I’ll admit now that this is my first Medal of Honor game ever, but from what I understand this is pretty much EA’s main first person shooter franchise.  In the RPG world Namco has Tales of, Sega has Phantasy Star, and Konami has (had?) Suikoden.  In shooters Activision now has Call of Duty, Sony has Killzone, Microsoft has Halo, etcetera.

Well, EA already has a shooter franchise that’s actually doing a fine job of competing on the multiplayer end: BattlefieldBad Company 2 is just different enough from Modern Warfare 2 that it speaks to generally the same crowd, but attracts an audience that wants something different.  On top of that the Vietnam expansion is coming out this winter as if in competition with Black Ops.  What place does Medal of Honor multiplayer have here?

Medal of Honor Multiplayer

Essentially, what I played in the beta felt like Call of Duty running on the Frostbyte engine with slightly different modes.  It was like Battlefield: Bad Company 2, but without the vehicles and large maps that set it apart from COD.  Squeezed in-between those two franchises as well as a new Halo game, I’m not sure Medal of Honor multiplayer can survive.

Maybe EA just needs some time to adjust.  Up until very recent years Battlefield was mainly a PC franchise – the old console entries like Modern Combat definitely being second-tier.  Maybe Medal of Honor has traditionally filled the console shooter space for EA.

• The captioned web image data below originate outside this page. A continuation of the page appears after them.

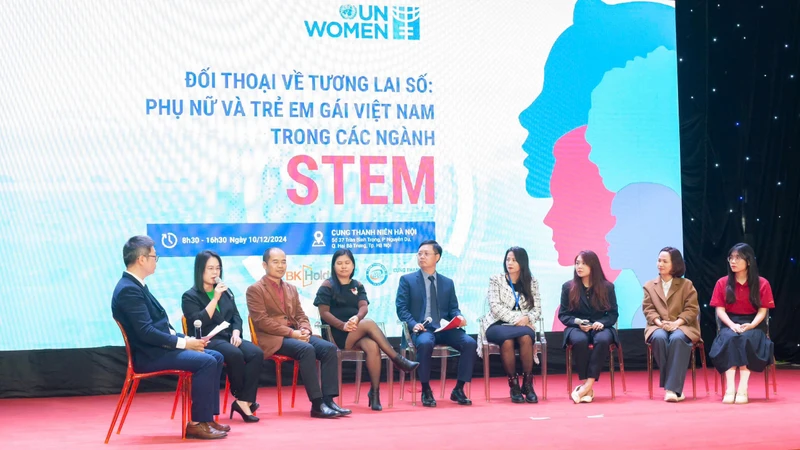 Около 1400 человек приняли участие в диалоге о цифровом будущем для женщин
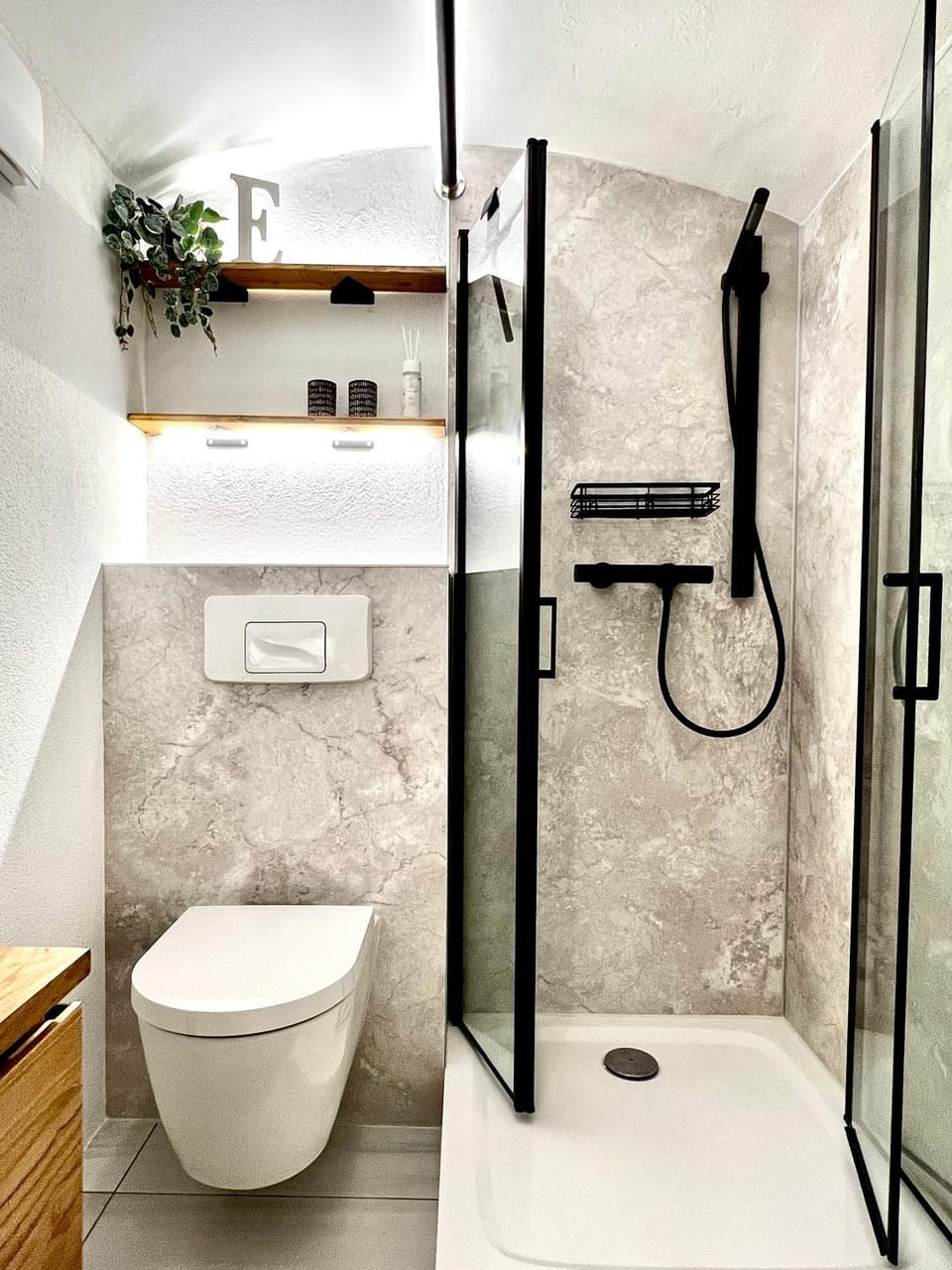 Shower, Toilet, Bathroom, towels
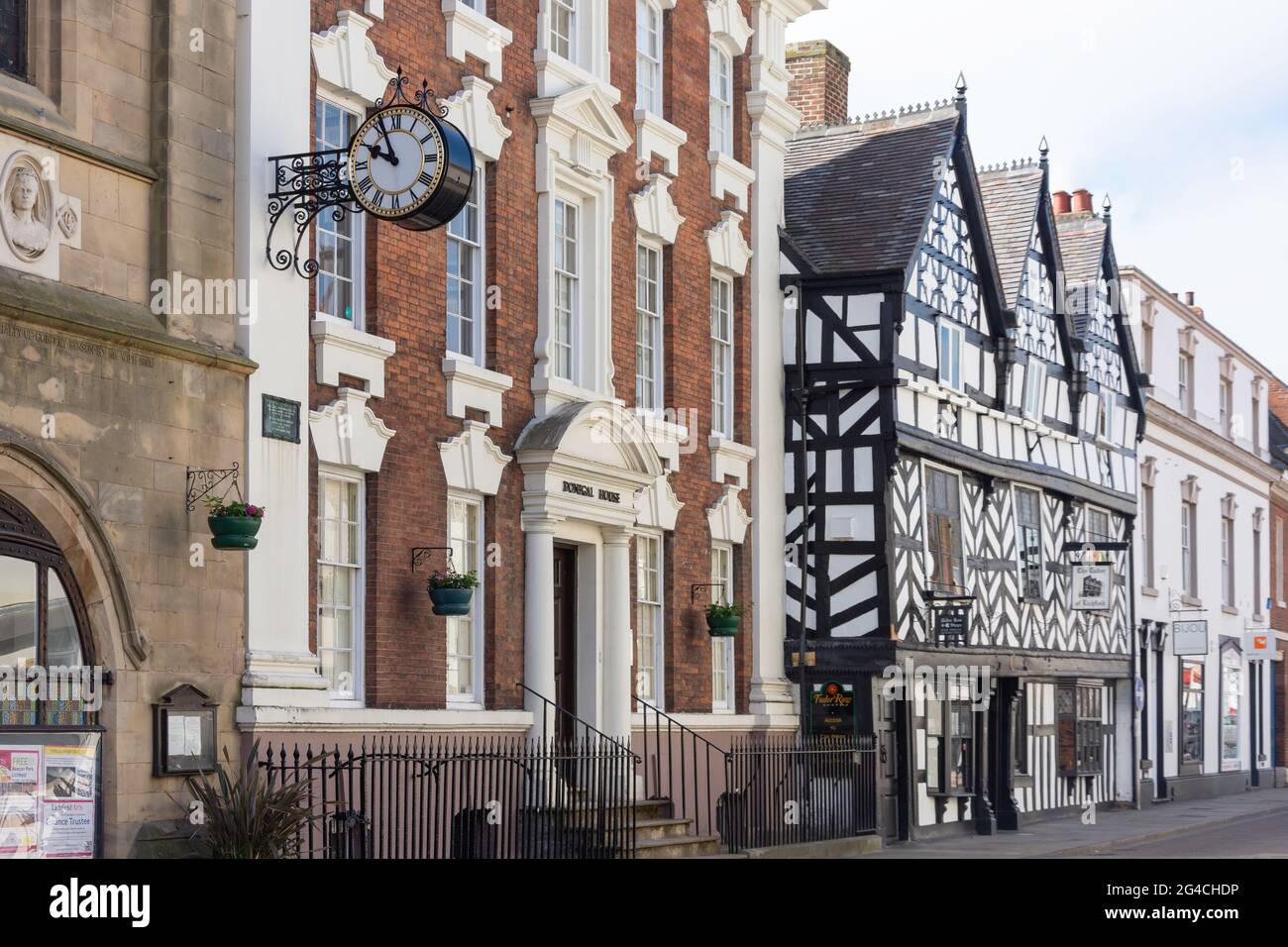 Donegal Council House e il Tudor di Litchfield, Bore Street, Lichfield, Staffordshire, Inghilterra, Regno Unito Foto Stock
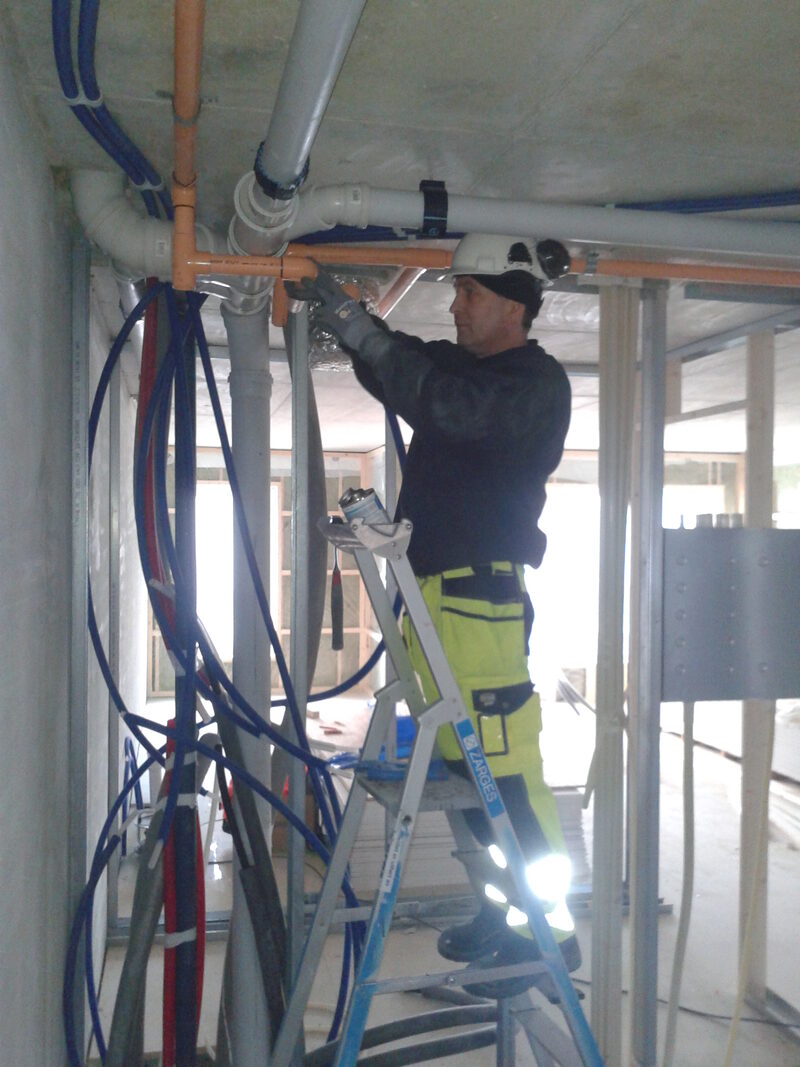 Jarek na drabinie przy rurach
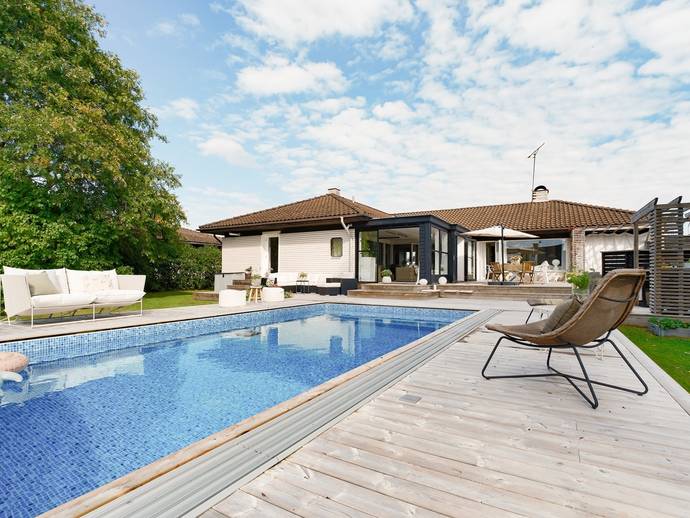8 rok · 151 m² · Jaktstigen 11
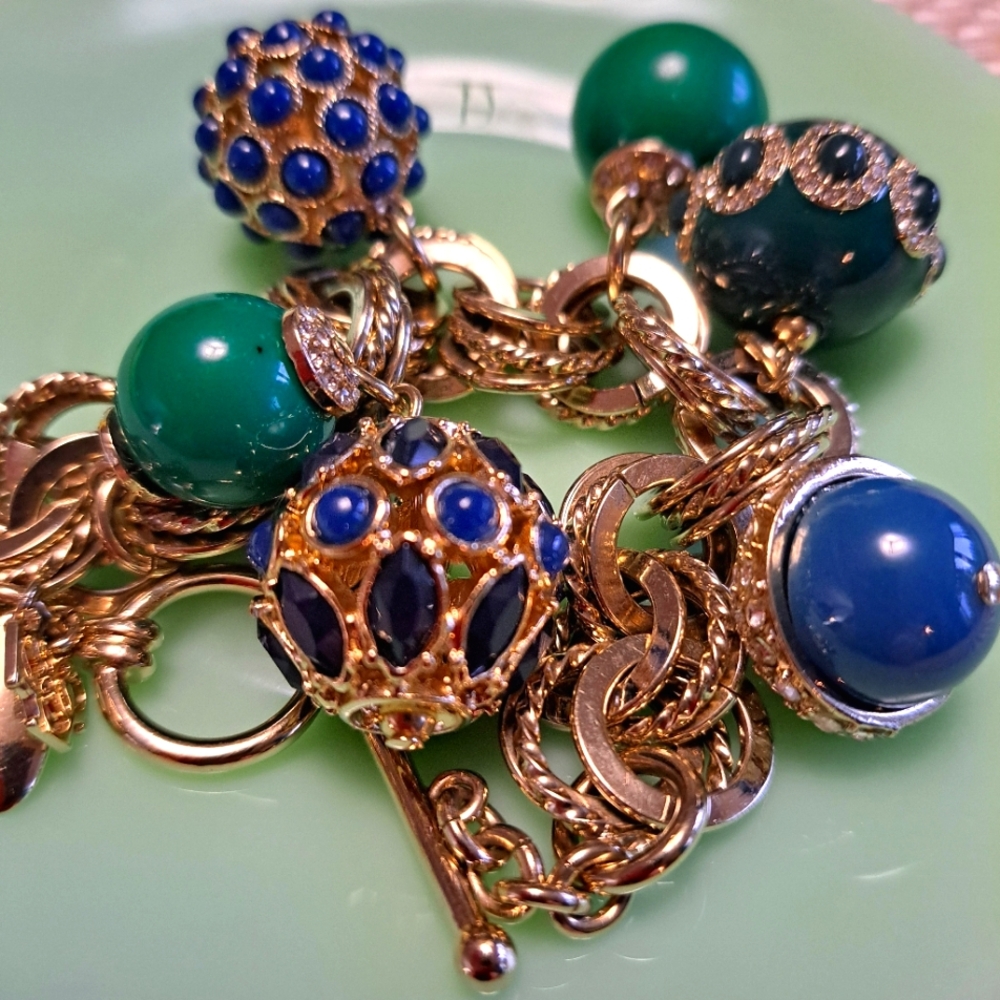 Ann Taylor vintage Bracelet.  Gorgeous!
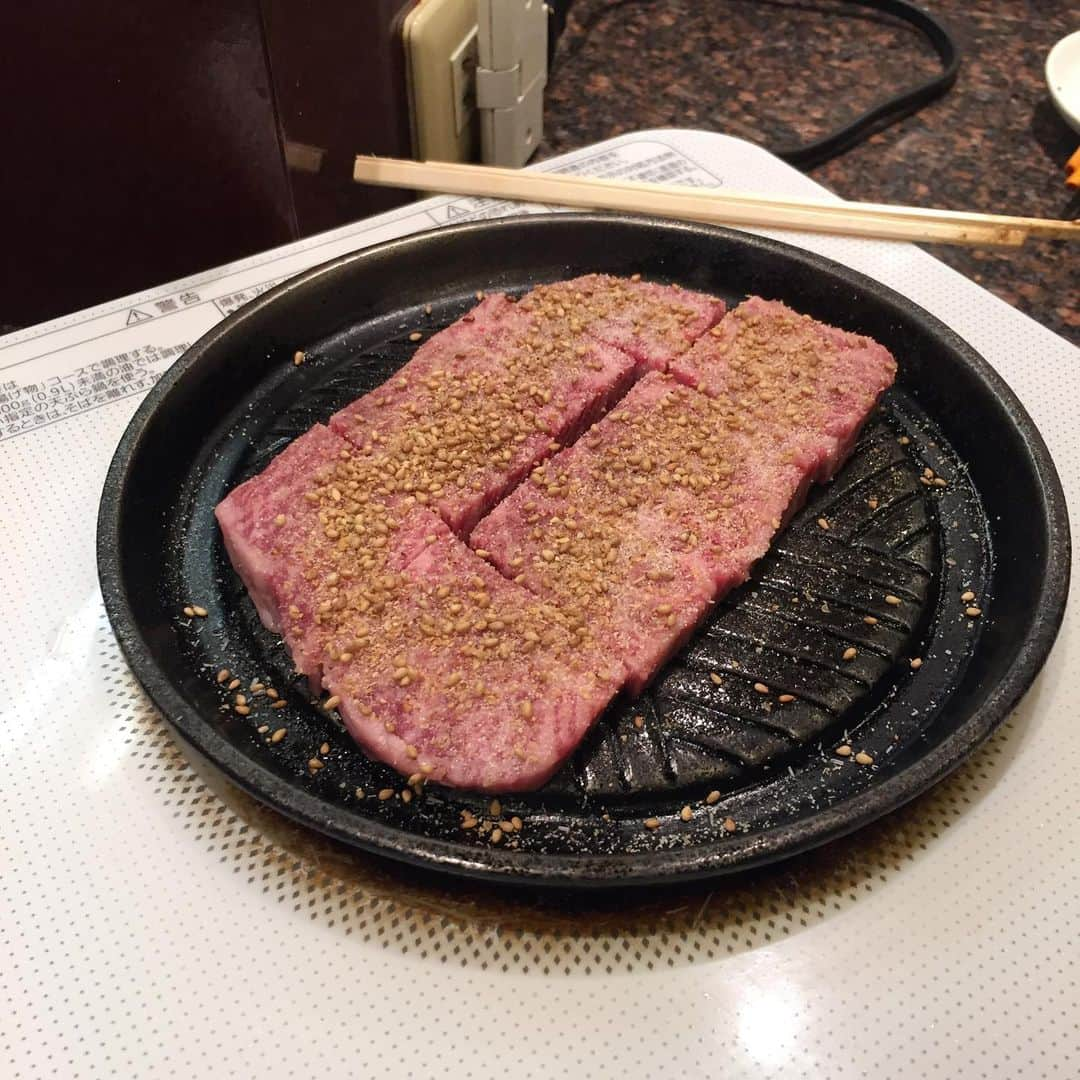 ほんこんさんのインスタグラム写真 - (ほんこんInstagram)「某所 これまた旨い焼肉でした。 #焼肉屋  #某所 #ちりとり鍋 #また行こ  #旨い #焼肉  #ほんこん  #海蔵kaizou  #ほんこんの花屋さんbloom」6月26日 11時28分 - hongkong2015_4_9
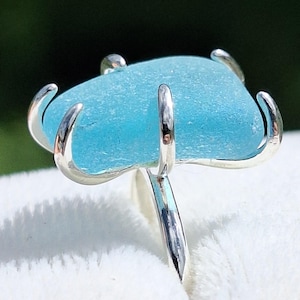 Anello in vetro di mare blu turchese acquamarina con fascia regolabile in argento, taglia unica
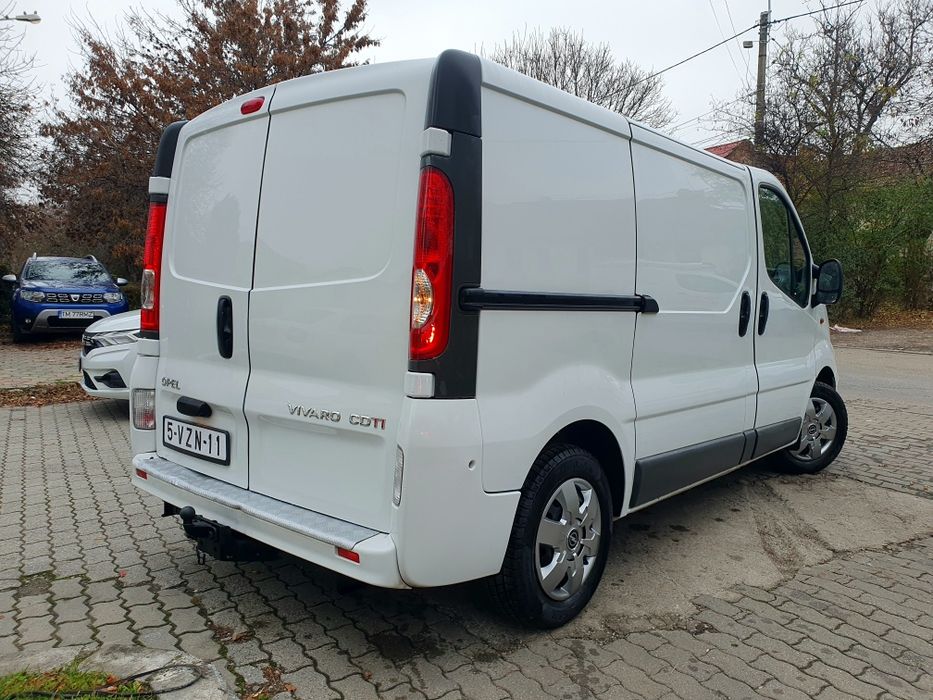 Opel Vivaro 2.0cdti 114cp 2013 euro 5 clima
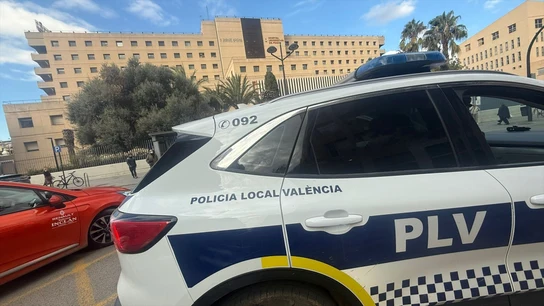 Un coche de la Policía Local de Valencia, en una imagen de archivo. Un coche de la Policía Local de Valencia, en una imagen de archivo.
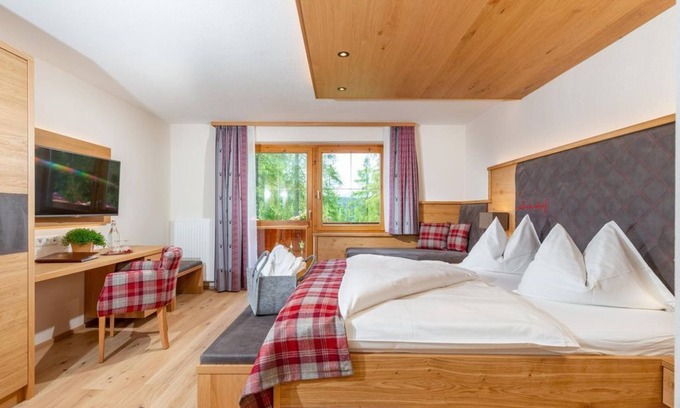 Ramsau am Dachstein House | Double room deluxe, shower, WC, FR, short - Hotel Lindenhof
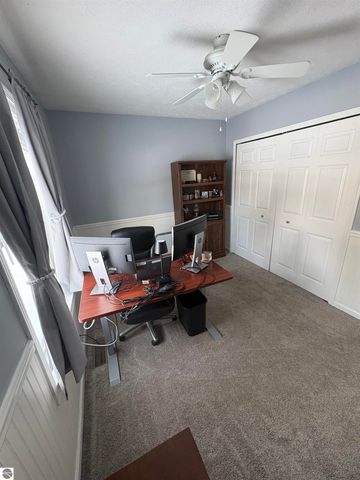 12050 Cabin Lane, Rapid City, MI 49676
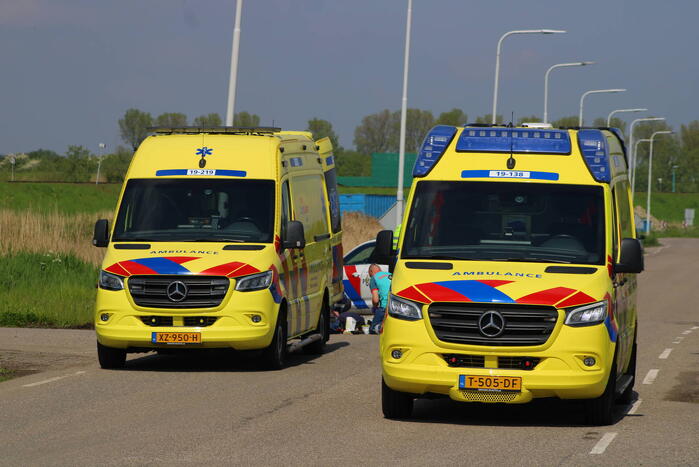 Motorrijders onderuit voor ambulancepost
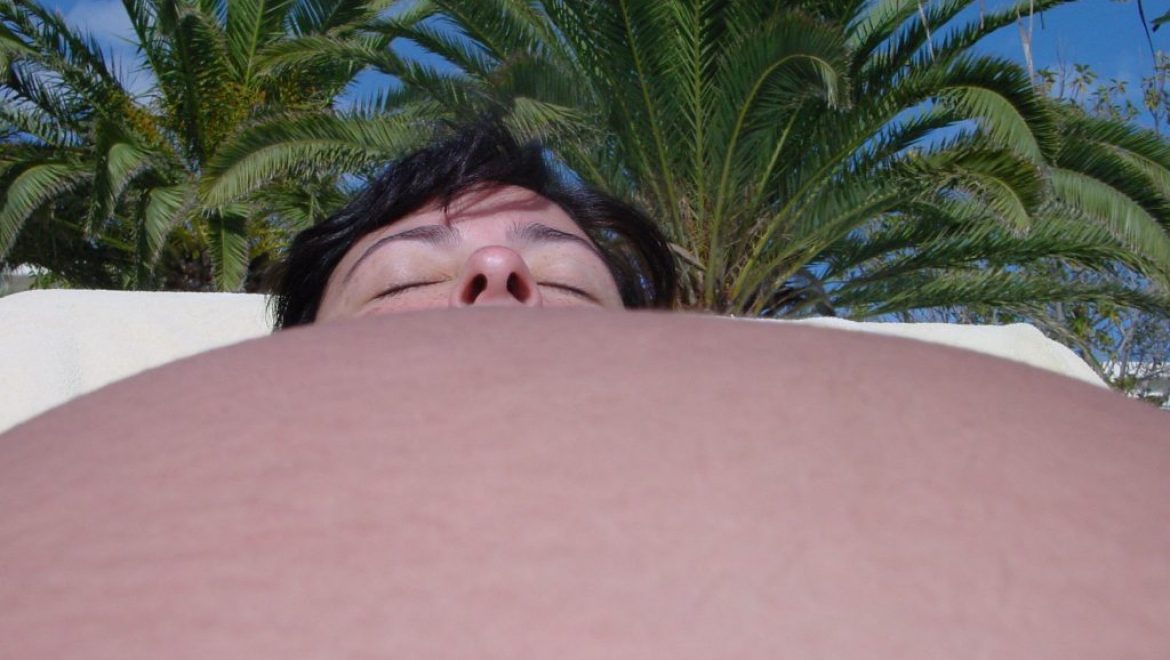 10 Embarrassing Pregnancy Symptoms (That Also Hurt Like Hell)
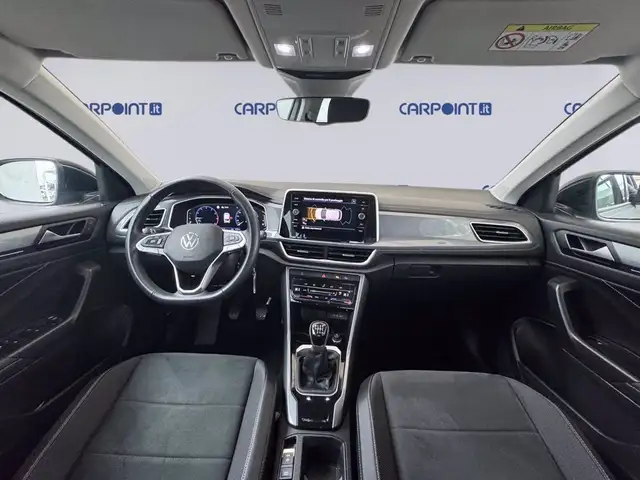 Volkswagen T-Roc view 11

Now however, DICE has finally gotten Battlefield to work on consoles with Bad Company 2, 1943, and eventually Battlefield 3 – a beta for which will come with the Medal of Honor limited edition.  EA has two military fps franchises on their hands on the same platforms.  What sense does that make?  EA even assigning DICE to MoH’s multiplayer is kind of an admission of this problem.

A realistic screenshot of Taliban fighting a helicopter.

On top of that though is the controversy which speaks to the kind of singleplayer game EA LA is trying to make here.

I personally disagree that removing the word “Taliban” from the multiplayer (it’s staying in the singleplayer in case you didn’t pick up on that) infringes on the game’s status as expression or something like that.  The new singleplayer game here is supposed to be a serious, faithful (but probably not mechanically realistic) look at what went down in Afghanistan in 2001 and 2002.  It might not be a stretch to call it a docudrama in game form, and it would be the first one I’ve heard of, especially in the mainstream channel.  But the multiplayer I saw in the beta doesn’t do anything to drive that.

A title that tries to be as serious as Medal of Honor is trying to be shouldn’t be “just a game” or “just fun,” but that’s precisely what the multiplayer is.  It’s really a more advanced form of kids playing with Super Soakers.  Being able to play as the Taliban in something like that, attached to a product like this, is what got the U.S. Military angry. 

Removing the word “Taliban” from the multiplayer does nothing to the singleplayer’s integrity because they are two separate things with two separate objectives.  In fact, the most interesting part about the multiplayer beta for me was the loading screen descriptions for each map that actually gave a tiny bit of insight into Afghanistan’s history and geography.

Americans on the ground.

I am at least going to rent Medal of Honor because I really appreciate what the singleplayer is trying to do.  I am tired of how Call of Duty and practically every other modern-themed military shooter these days has to make up a 24-esque scenario for fear of pissing off the media.  Stories of the current conflict are freely told in every medium except games, and it’s about time we had a game that isn’t afraid to take place in the real world.

If a game is going to do this and have a straight face about it, EA needs to realize that all the aspects of the “fun box product” may not be compatible with the endeavor.  Every shooter doesn’t need multiplayer because the market for them on consoles is dominated by a handful of games – one of them already published by EA themselves.